Stop at the line that contains "DIOR 25FW Weiße". Until then, set down each line of the records exactly, beginning with the first, and skip pictures.

..............................

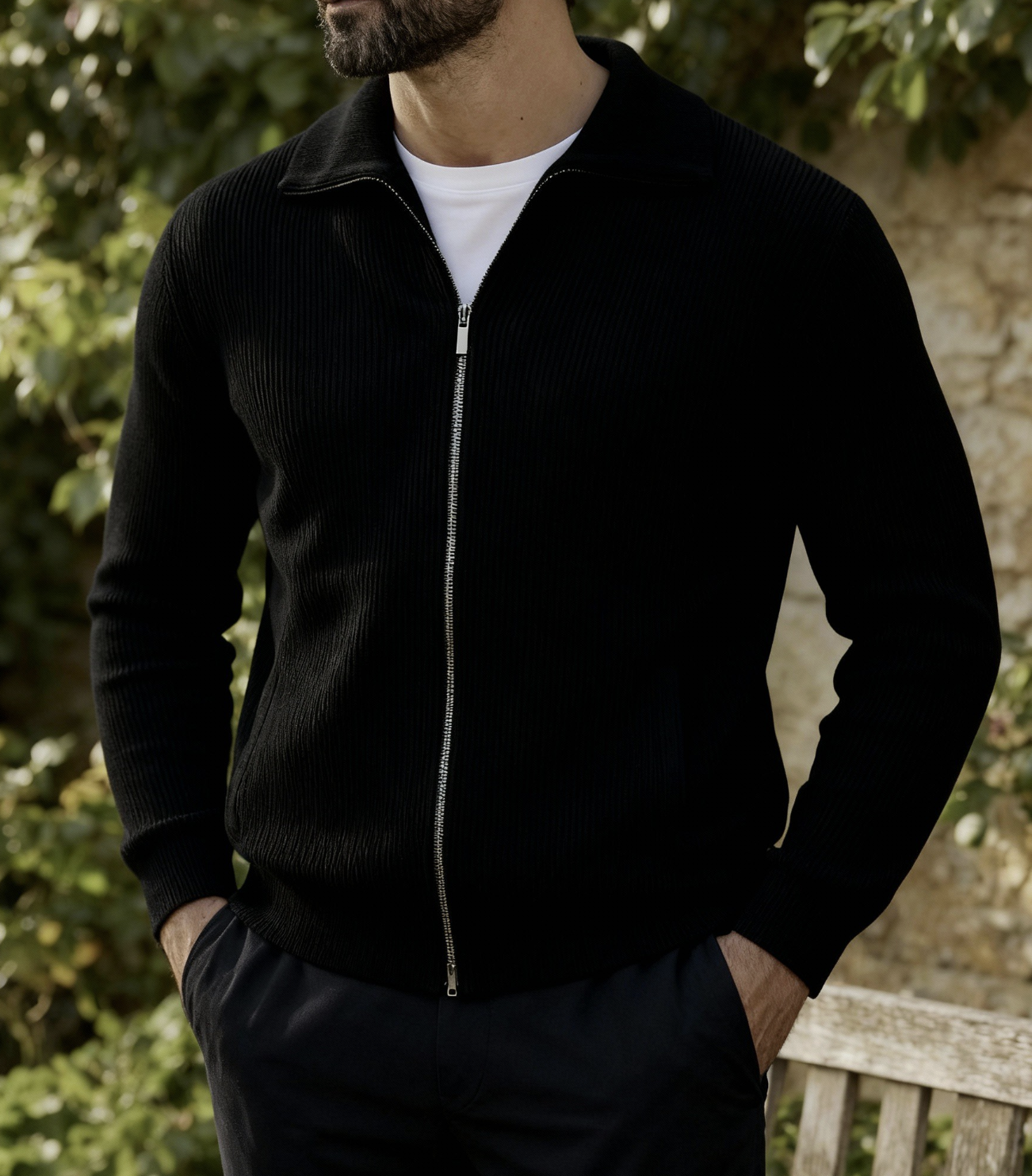 Cardigan zippé premium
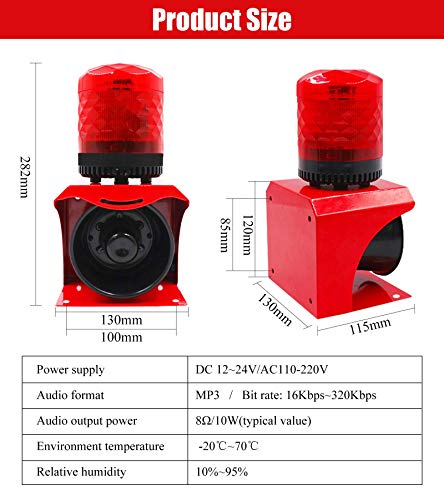 Alarm Siren Horn Industrial Sound And Light Emergency Strobe Warning Light Outdoor Alarm Horn Siren Flashing Light Waterproof Indoor Safety Ac 110-220V #TOP6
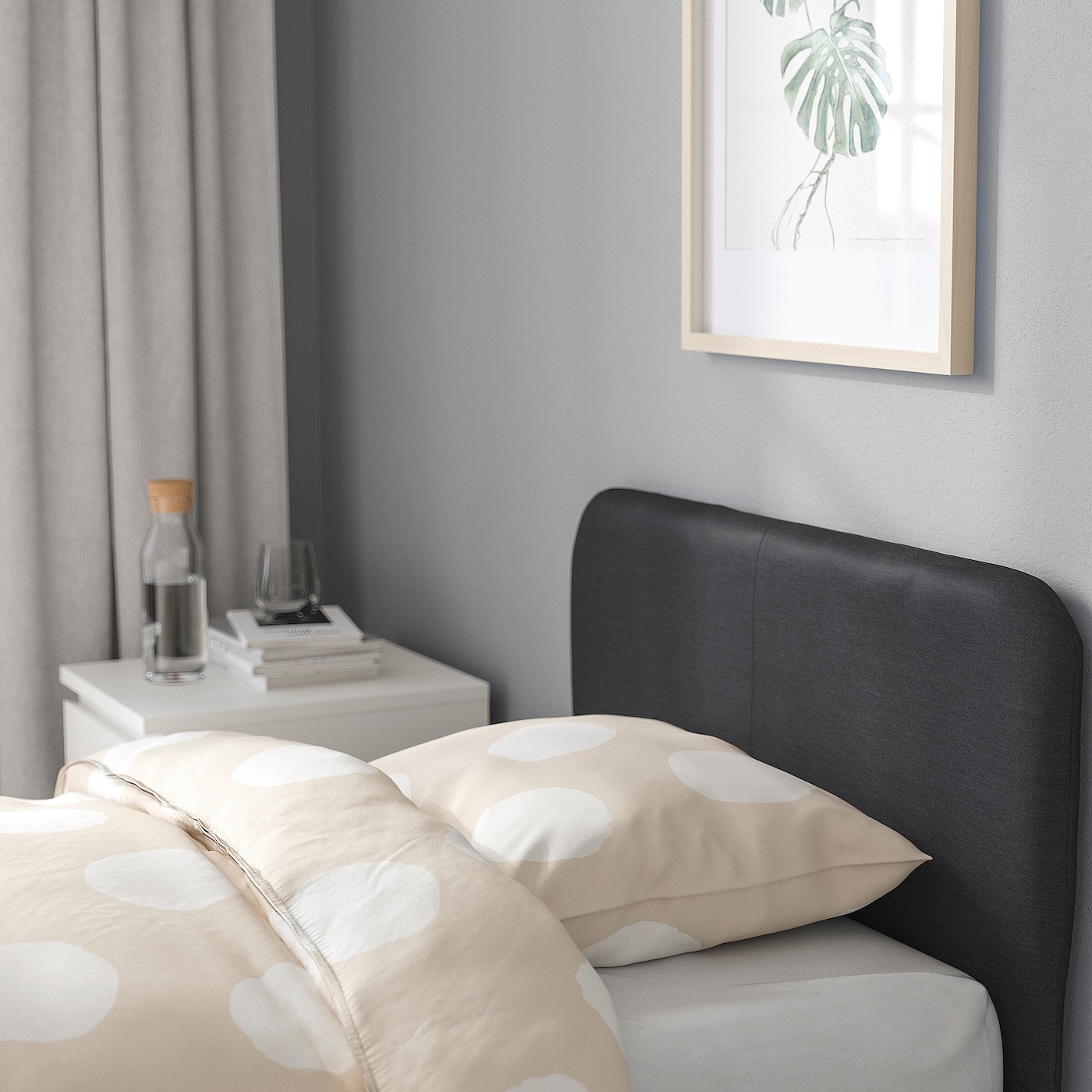 Каркас кровати с мягкой обивкой, виссель темно-серый, 120x200 см IKEA Slattum — фото 4
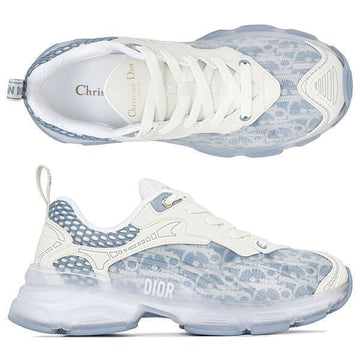 DIOR 25FW Weiße Chambray Blaue Vibe Oblique Sneakers 153845554
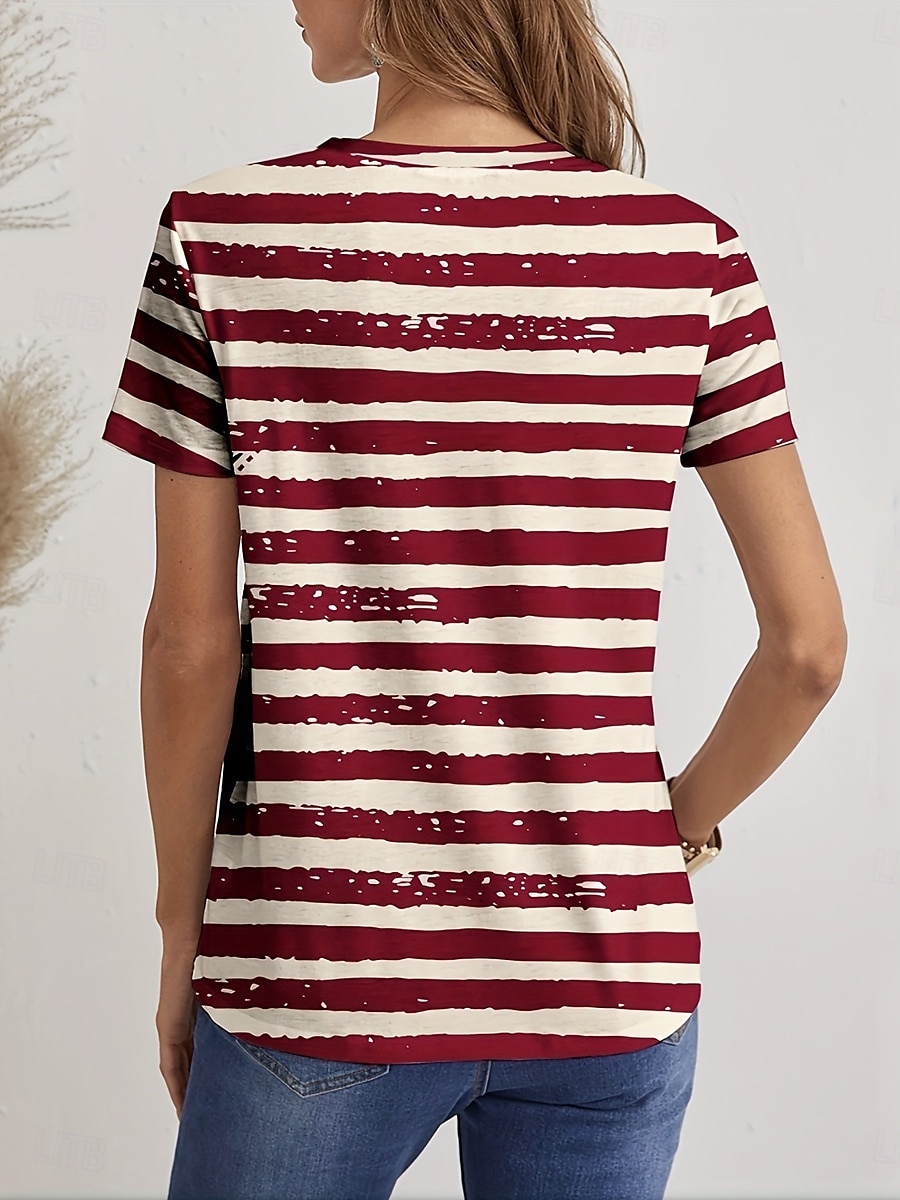 Kvinners patriotiske T-skjorte grafisk flagg stil casual kortermet V-hals regulære topper daglig trykk rød sommer 2025 - $19.99 –P3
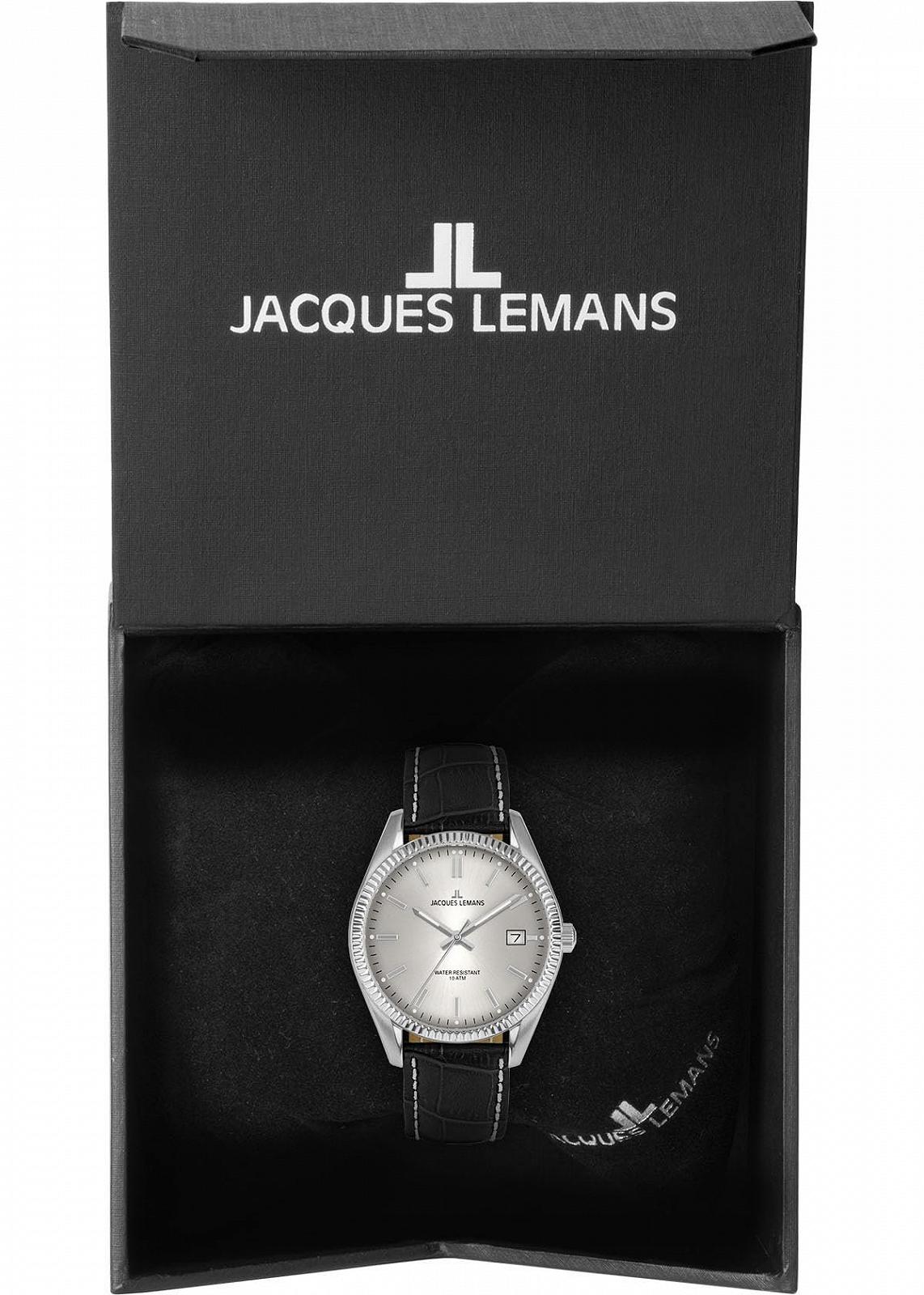 Женские часы JACQUES LEMANS Derby 34 мм, 10 ATM, дата, кожаный ремешок, коллекция 'Anniversary Collection 50 Years' 50-4, разные дизайны, фото №6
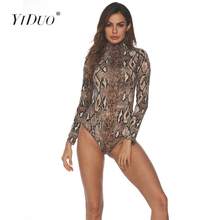 YiDuo Leopard Animal Print Bodysuit For Women Sexy Skinny Body Mujer Turtleneck Long Sleeve Street Overalls Club Party Bodysuit 2024 - buy cheap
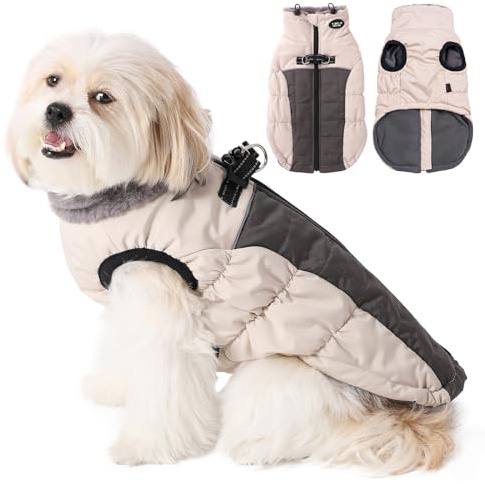 Savlot Hundejacken für den Winter Winddicht Wasserdicht 2 in 1 Outfit Kaltwettermantel Hundewestengeschirr Welpen Winter Warme Jacke Kleines (L, Weiß)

..............................

OUTPUT:
 Cardigan zippé premium
 Alarm Siren Horn Industrial Sound And Light Emergency Strobe Warning Light Outdoor Alarm Horn Siren Flashing Light Waterproof Indoor Safety Ac 110-220V #TOP6
 Каркас кровати с мягкой обивкой, виссель темно-серый, 120x200 см IKEA Slattum — фото 4
 DIOR 25FW Weiße Chambray Blaue Vibe Oblique Sneakers 153845554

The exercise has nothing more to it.